We were traveling from Dubai, the package included flights, hotel, match tickets and airport transfers. Upon arrival at the chaotic Milan airport, nobody arrived to meet us so we made our own way to the 'Hotel Jolly' [actual name]. The then Yugoslav soccer team was staying at this hotel so security was pretty tight.

After checking in we decided to go straight to the bar. We were standing at the bar for about 20 minutes when standing in front me was Dennis. At first I thought I was pissed after 2 glasses Italian beer when he said ' Hi lads, going to the match ? I could hear you were speaking English'... we then started to explain from where we had started our journey , why etc.. I think when I told him I was a City fan he thought I was just being polite, until I started to talk him through every City match of the 1970's and 1980's ! Anyhow Dennis explained that he had set up a sports promotion company and had purchased the same corporate package for his clients, many of whom it seemed had no interest in football, but their wives fancied a few days in Milan !! Dennis joined us for several drinks, we talked a lot about City and New York Cosmos. Then it was time for dinner and Dennis went off with his clients... I was left top bore my friend all night with City stories.

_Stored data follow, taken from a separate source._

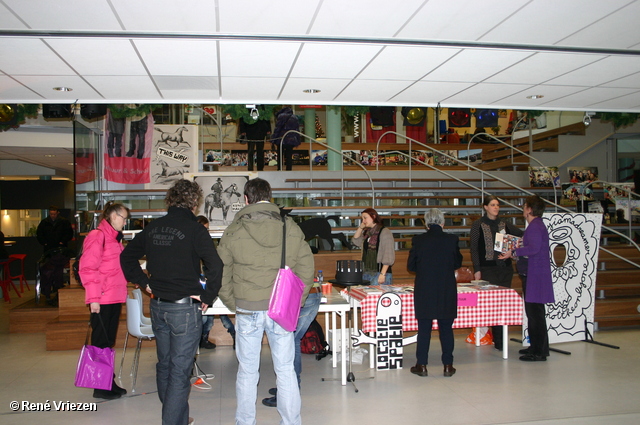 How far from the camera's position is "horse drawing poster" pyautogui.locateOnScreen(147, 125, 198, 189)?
8789 mm

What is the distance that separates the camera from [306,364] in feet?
17.7

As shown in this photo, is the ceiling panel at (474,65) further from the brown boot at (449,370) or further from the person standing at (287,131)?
the person standing at (287,131)

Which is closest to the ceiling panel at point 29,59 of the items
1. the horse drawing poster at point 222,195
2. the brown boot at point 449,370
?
the horse drawing poster at point 222,195

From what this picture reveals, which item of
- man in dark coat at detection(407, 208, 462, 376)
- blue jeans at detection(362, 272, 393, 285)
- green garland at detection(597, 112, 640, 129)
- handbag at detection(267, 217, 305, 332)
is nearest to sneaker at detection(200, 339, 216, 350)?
blue jeans at detection(362, 272, 393, 285)

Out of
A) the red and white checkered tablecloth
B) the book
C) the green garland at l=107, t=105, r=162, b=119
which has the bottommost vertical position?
the red and white checkered tablecloth

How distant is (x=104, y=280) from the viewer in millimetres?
4289

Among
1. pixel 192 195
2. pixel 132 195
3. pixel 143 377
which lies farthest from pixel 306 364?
pixel 132 195

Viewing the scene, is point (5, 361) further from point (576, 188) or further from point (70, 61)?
point (576, 188)

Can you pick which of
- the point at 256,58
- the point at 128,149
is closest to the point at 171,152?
the point at 128,149

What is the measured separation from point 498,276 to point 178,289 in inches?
155

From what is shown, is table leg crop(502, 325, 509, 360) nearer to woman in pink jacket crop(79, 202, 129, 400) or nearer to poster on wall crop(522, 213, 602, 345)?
poster on wall crop(522, 213, 602, 345)

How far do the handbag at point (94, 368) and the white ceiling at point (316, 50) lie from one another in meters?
2.30

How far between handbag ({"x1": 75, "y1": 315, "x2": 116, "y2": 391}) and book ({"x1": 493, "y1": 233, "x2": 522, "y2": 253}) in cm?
404

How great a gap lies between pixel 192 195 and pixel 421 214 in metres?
7.67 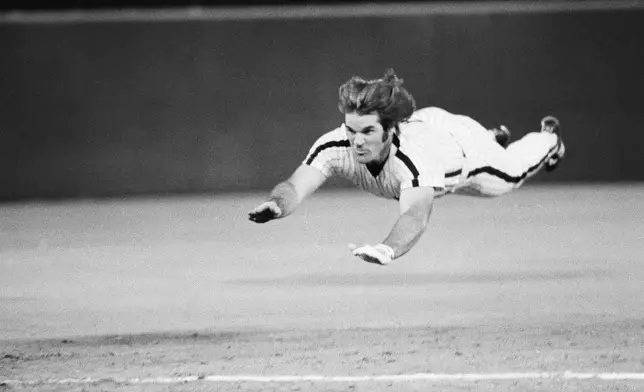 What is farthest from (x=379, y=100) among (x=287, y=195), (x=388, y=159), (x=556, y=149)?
(x=556, y=149)

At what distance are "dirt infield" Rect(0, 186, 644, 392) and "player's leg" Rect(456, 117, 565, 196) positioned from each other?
0.76 meters

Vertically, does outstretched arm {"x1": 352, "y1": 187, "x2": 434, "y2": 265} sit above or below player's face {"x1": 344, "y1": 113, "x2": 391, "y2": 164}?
below

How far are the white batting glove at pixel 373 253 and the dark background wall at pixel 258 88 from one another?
28.4ft

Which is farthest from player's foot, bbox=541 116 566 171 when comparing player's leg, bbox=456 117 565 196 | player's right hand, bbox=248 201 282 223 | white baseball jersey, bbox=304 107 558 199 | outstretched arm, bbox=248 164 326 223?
player's right hand, bbox=248 201 282 223

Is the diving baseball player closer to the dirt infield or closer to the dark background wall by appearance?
the dirt infield

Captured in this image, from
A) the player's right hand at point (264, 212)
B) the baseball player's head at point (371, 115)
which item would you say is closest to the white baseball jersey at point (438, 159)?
the baseball player's head at point (371, 115)

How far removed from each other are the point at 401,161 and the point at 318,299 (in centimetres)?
180

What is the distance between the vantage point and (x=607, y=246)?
10672mm

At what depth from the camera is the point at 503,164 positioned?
838cm

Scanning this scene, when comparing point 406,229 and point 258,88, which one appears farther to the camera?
point 258,88

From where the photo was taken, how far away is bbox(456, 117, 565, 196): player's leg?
27.0ft

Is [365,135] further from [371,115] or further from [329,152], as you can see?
[329,152]

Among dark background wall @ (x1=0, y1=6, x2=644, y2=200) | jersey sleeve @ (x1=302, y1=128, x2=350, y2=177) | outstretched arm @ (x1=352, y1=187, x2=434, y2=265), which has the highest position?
jersey sleeve @ (x1=302, y1=128, x2=350, y2=177)

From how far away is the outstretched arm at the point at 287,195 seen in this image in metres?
6.41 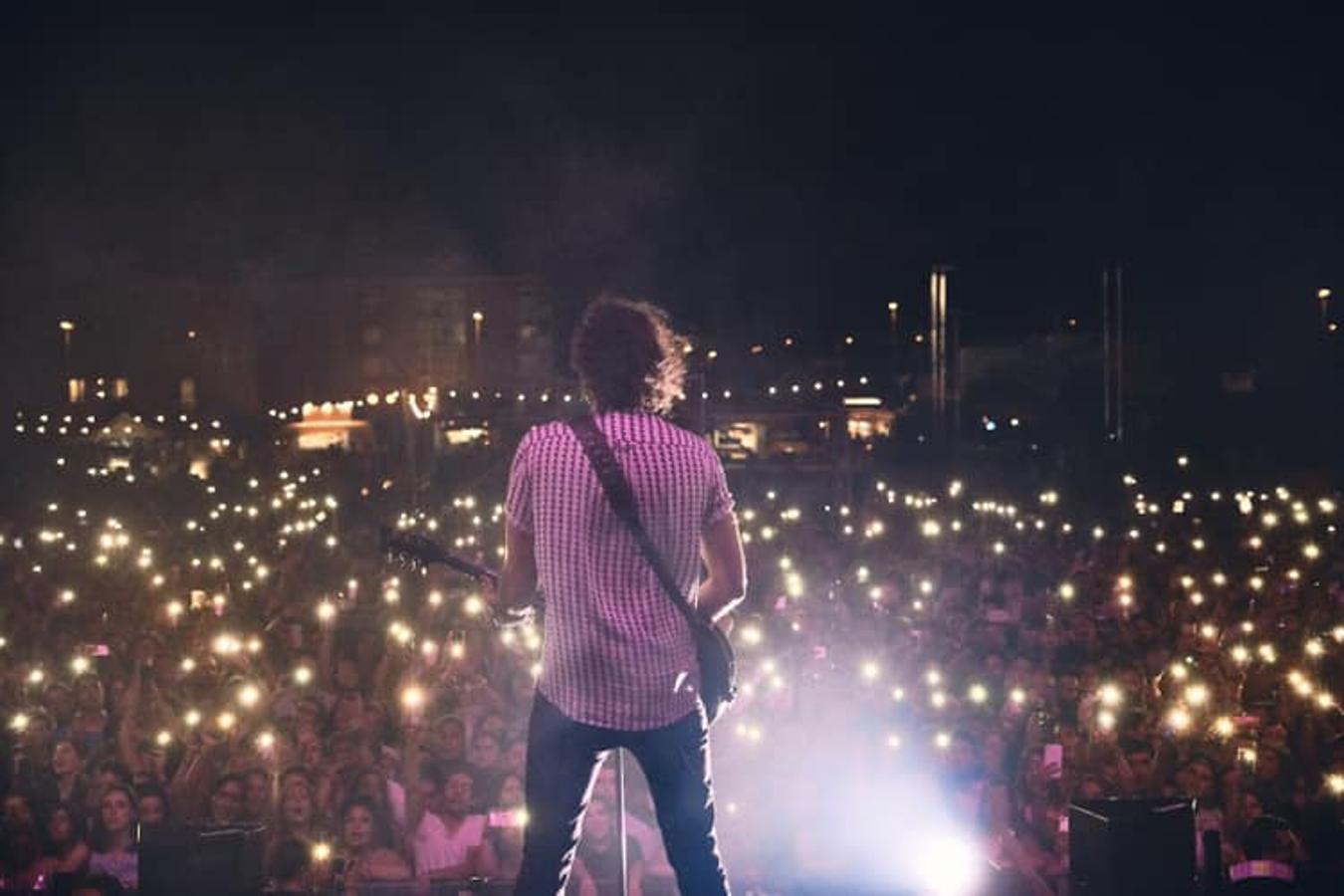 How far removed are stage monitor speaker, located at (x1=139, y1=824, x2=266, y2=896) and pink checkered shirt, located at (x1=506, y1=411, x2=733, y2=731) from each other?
1.50 m

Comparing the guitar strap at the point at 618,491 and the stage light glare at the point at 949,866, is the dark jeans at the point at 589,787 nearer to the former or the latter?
the guitar strap at the point at 618,491

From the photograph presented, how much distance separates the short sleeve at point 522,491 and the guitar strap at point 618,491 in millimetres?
129

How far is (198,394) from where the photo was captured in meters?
58.6

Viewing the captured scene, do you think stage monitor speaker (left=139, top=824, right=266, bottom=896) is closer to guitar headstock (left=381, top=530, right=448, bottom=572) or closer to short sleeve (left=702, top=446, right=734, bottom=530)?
guitar headstock (left=381, top=530, right=448, bottom=572)

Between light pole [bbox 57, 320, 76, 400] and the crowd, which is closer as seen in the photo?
the crowd

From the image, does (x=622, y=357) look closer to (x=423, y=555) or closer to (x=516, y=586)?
(x=516, y=586)

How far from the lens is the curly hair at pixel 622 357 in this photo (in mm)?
3383

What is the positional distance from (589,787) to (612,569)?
0.53 meters

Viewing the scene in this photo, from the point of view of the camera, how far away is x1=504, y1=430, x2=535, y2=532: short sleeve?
334 cm

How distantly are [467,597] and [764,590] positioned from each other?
11.1 ft

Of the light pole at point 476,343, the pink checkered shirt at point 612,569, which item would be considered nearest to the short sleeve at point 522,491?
the pink checkered shirt at point 612,569

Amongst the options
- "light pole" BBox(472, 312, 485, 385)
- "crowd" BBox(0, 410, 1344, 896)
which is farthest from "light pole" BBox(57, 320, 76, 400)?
"crowd" BBox(0, 410, 1344, 896)

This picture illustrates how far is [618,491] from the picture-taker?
326cm

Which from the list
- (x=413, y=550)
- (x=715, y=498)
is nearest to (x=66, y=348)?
(x=413, y=550) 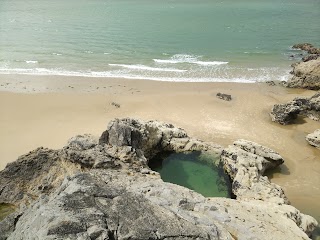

Anyhow, next day we were waiting in reception for the limousine to take us to the game, waiting, waiting.. nothing. No chance for a taxi. Shit, we've come all this way from the Middle East and we're going to miss the game! By this time, Dennis's coach has arrived and he saw us standing waiting for our transport, by this time looking rather pissed off. Dennis then call's out 'Hey Bill, do want to come with us on our coach?' [by this time we're the best of mates on first name terms]. As we get on the coach he urges me to sit next to him so we can talk about football [and not about the shopping and sights of Milan that most of the other guests were discussing]. By this point I think I've died and gone to heaven, I mean here I am on a coach going to the opening game of the World Cup sitting and chatting to my hero about City. When we arrive to the San Siro, Dennis says 'lafter the game you'll never get any transport, why don't you come back on the coach with us'...er ..let me think about that Dennis.

Argentina 0 Cameroon 1 - great result for the non-neutrals like us.

So its back to Dennis's coach. 'Where can we drop you, Bill' he says. Well if its all right with you Dennis, we would like to go to the center of Milan - 'no problem' says Dennis. As we get off the coach in the Center of Milan, we exchange phone numbers and I said I would call when back in Manchester later that summer. It all seemed surreal.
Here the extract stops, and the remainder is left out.